Freezer’s Auto Parts, Mark’s Shoes, the Spartan Pub, and Springman’s Country Store were just some of the businesses taking the day off. Only the beer distributor, the tobacco store, and the gas station were open.
Neal Babb and his ladyfriend Wendy pulled into the TJ’s Market lot in Hughesville for some hoagies in early afternoon and found nothing but disappointment.
“It’s Labor Day and nothing is open,” Babb said. “People should be laboring. I worked today, I just got off.”
Around the mall, the chains were open for consumption.
“It’s a perfect time to pick up items you need for fall family get-togethers,” the Big Lots public address told shoppers. “Take advantage of great deals now.”
Michelle Parker was stocking the Halloween shelves with such necessities as $10 Teardrop Petticoats and Haunted Mirror Ghouls that sell for $17.50.
“It’s fun, fun,” Parker said as she shelved a bin full of Venetian Raven Masks. “You just can’t pay attention to the dates. It’s just another day.”
On an oppressive, humid day that never got around to raining, sales were quickest in the morning.
“It was crazy” at Macy’s to begin the day, Misses clothing associate Rita Koch said as she chattered with her comrades. “You think ‘where are they coming from? Did it start raining?’ There are a lot of people getting ready for fall. Kids getting things to wear to the football games, college kids home getting things to take back.

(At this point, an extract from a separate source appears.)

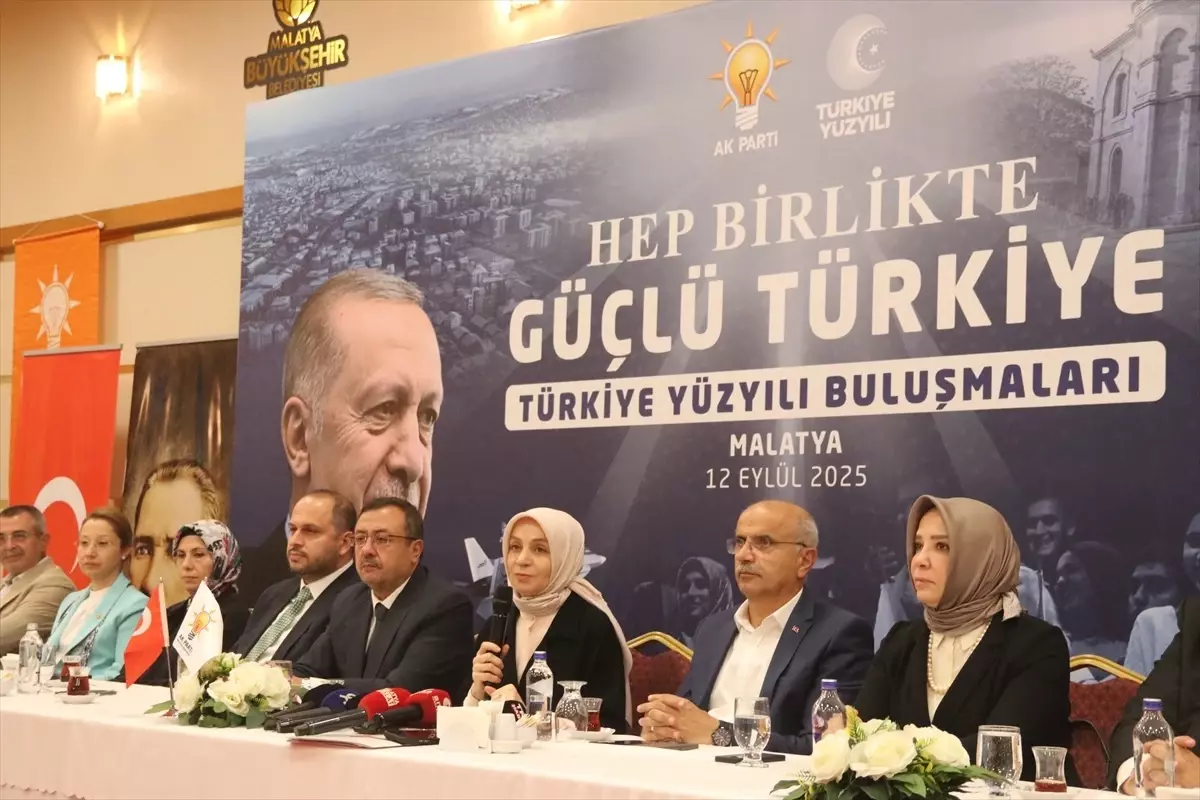 AK Parti Grup Başkanvekili Usta, Malatya'da 'Türkiye Yüzyılı Buluşmaları'na katıldı Açıklaması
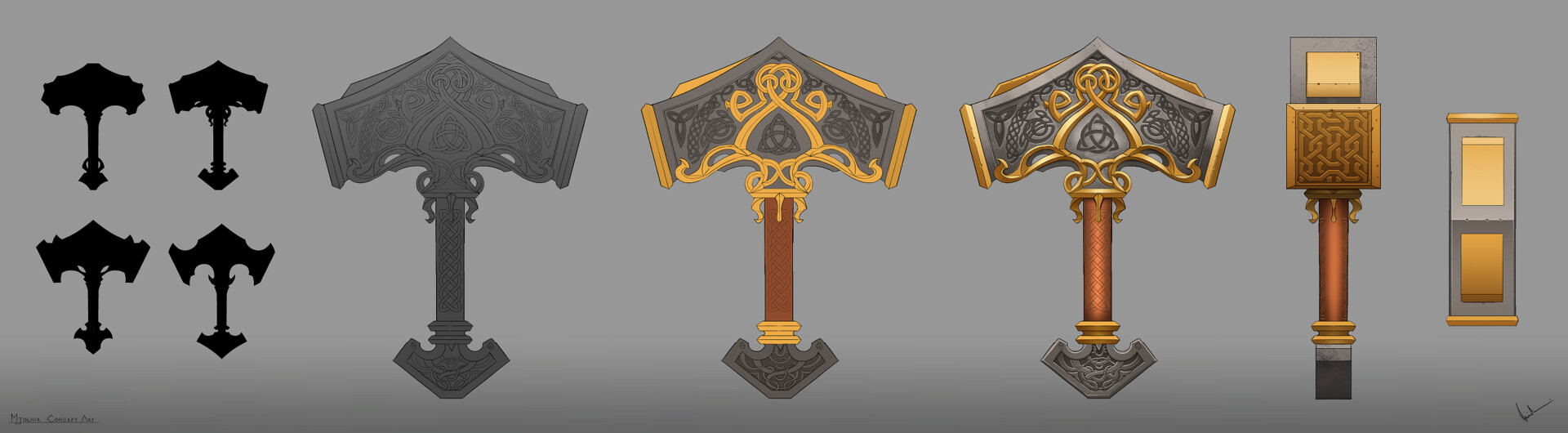 Artstation Mjolnir Concept Art Federico Meloni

You have to make it fun for Labor Day.”
The weather has a strong correlation with how busy stores get, according to several retail workers: the nicer it is outside, the more people stay out of the mall.
The rain holding off and keeping business down isn’t necessarily a good thing for Sears salesmen who are paid on commission.
“We were pretty busy earlier,” one salesman said, who asked not to be named. “If it rains on a holiday, in retail, forget about it. Today, everyone’s out eating, drinking, having fun.”
Jamie Homnick was stocking romance novels at BAM!, where Scott Fitzgerald’s “The Great Gatsby” is still holding down the number one spot in paperback sales despite the bookstore recently replacing 10 feet of its upfront book display with racks of T-shirts bearing mottoes like “Make Bacon Not War” and “Zombie Attack Survival Kit.”
“It’s been terrible,” Homnick said. “Terribly busy. All I’m thinking about is food.”
“A long day” was the general sentiment among employees folding Levi’s at Sears, inventorying Disney backpacks at Target, and selling Nikes at the Finish Line.
“I heard there was some sort of concert here,” said a Finish Line saleswoman. “I didn’t hear it. Sometimes it’s quiet, and then sometimes everyone comes in all at once.”
Of the workers surveyed, some were getting time and a half for their holiday work, some were getting a couple dollars more an hour, some weren’t getting paid anything extra, and some weren’t sure.
“It depends who you are,” one Target employee said.